Task objective: Only the lines from the one containing "Show Me Your" to the end of the data below belong in the answer, each repeated exactly; no pictures.

Image-caption web data

###

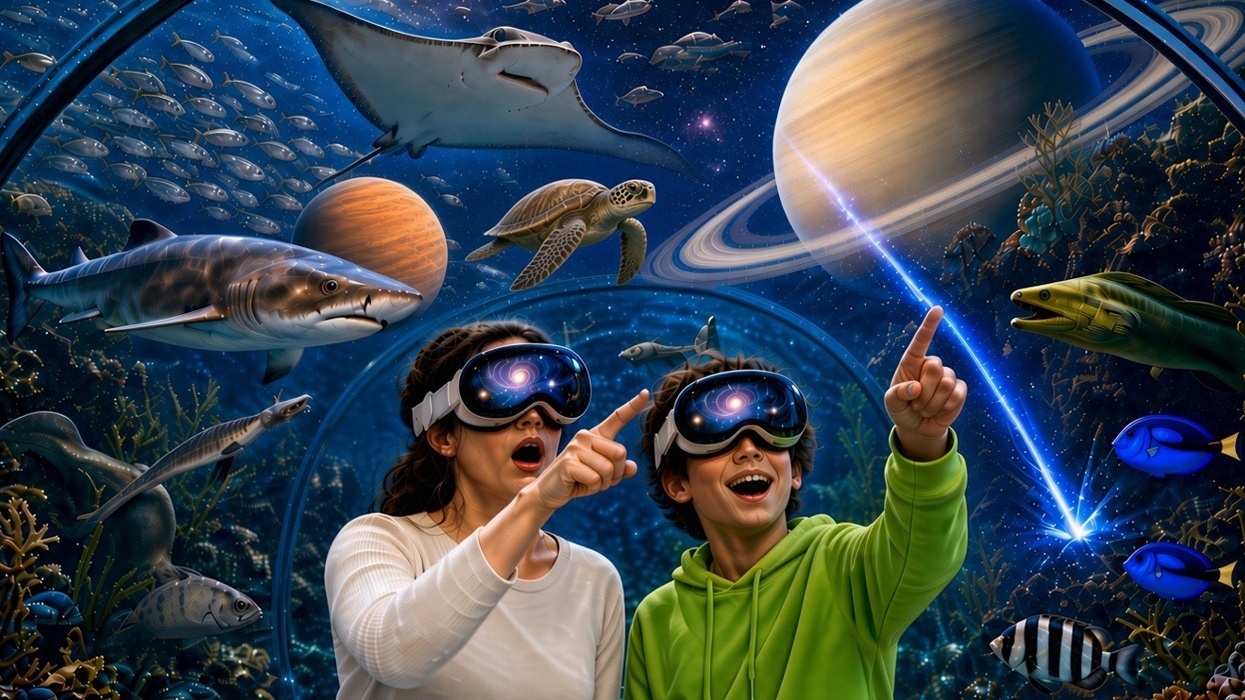 Two people in VR headsets explore oceanic life with planets and stars above at Ripley’s Aquarium of the Smokies.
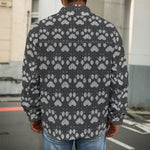 Grey And White Paw Knitted Pattern Print Men's Shirt Jacket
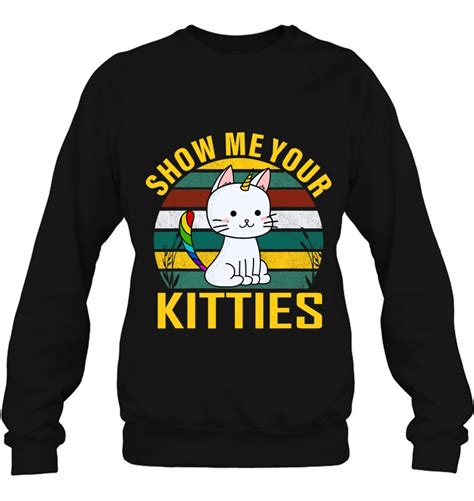 Show Me Your Kitties Unicorn Cat Lover Retro Vintage T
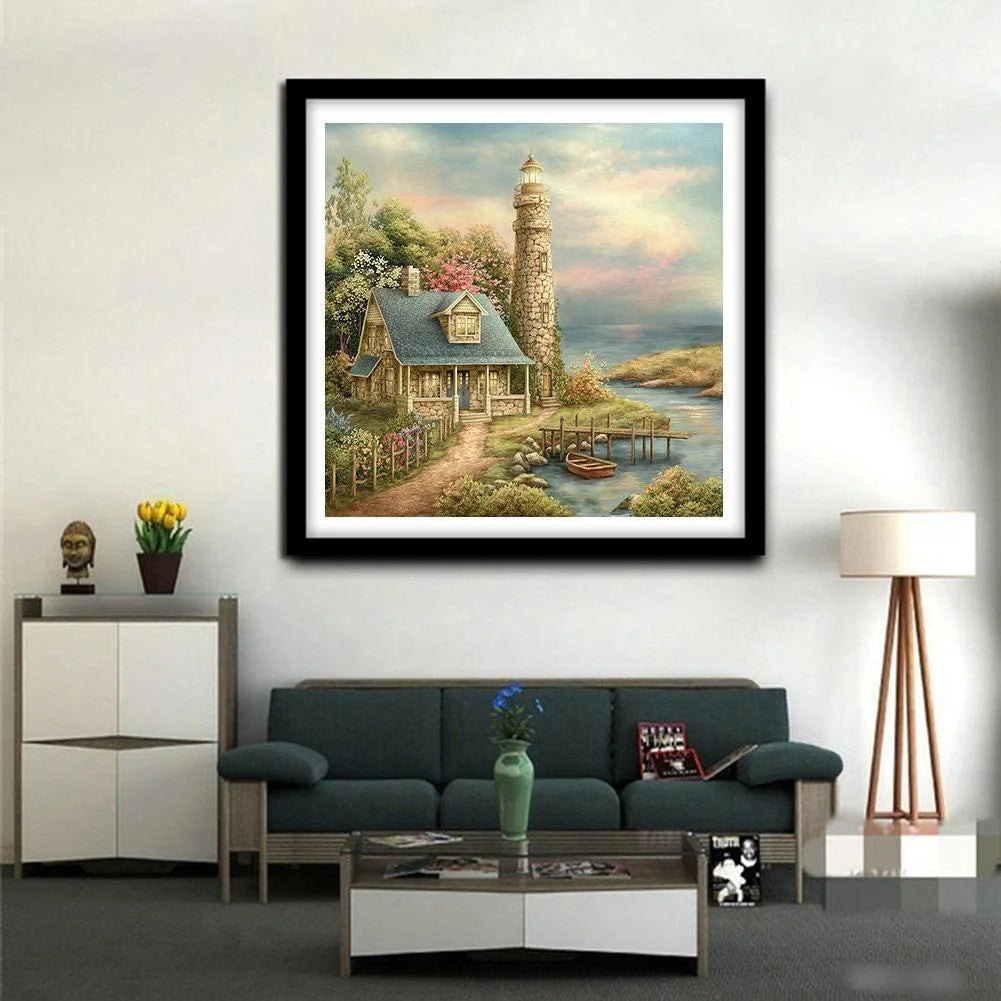 Lighthouse And Villa | Diamond Painting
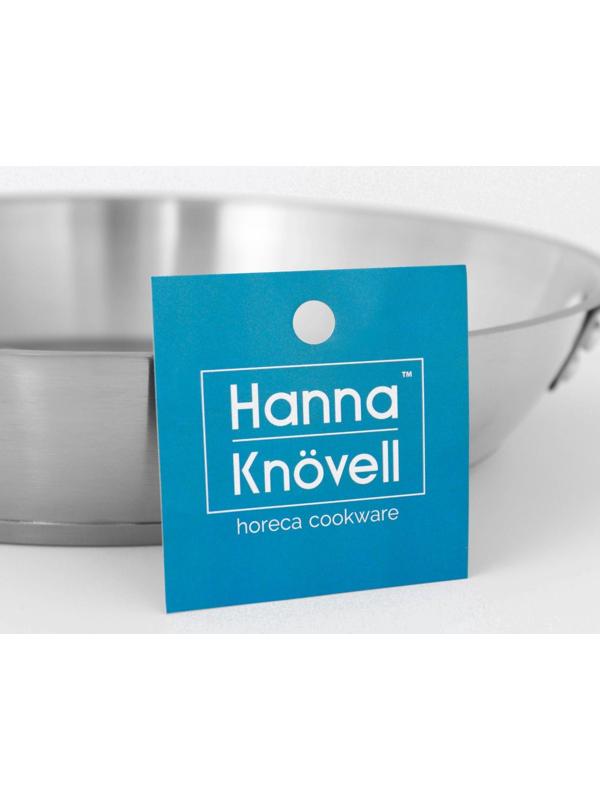 Сковорода из нержавеющей стали Hanna Knövell, d=28 см, h=5,5 см, толщина стенки 0,6 мм, длина ручки 25 см, индукция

###

Output:
 Show Me Your Kitties Unicorn Cat Lover Retro Vintage T
 Lighthouse And Villa | Diamond Painting
 Сковорода из нержавеющей стали Hanna Knövell, d=28 см, h=5,5 см, толщина стенки 0,6 мм, длина ручки 25 см, индукция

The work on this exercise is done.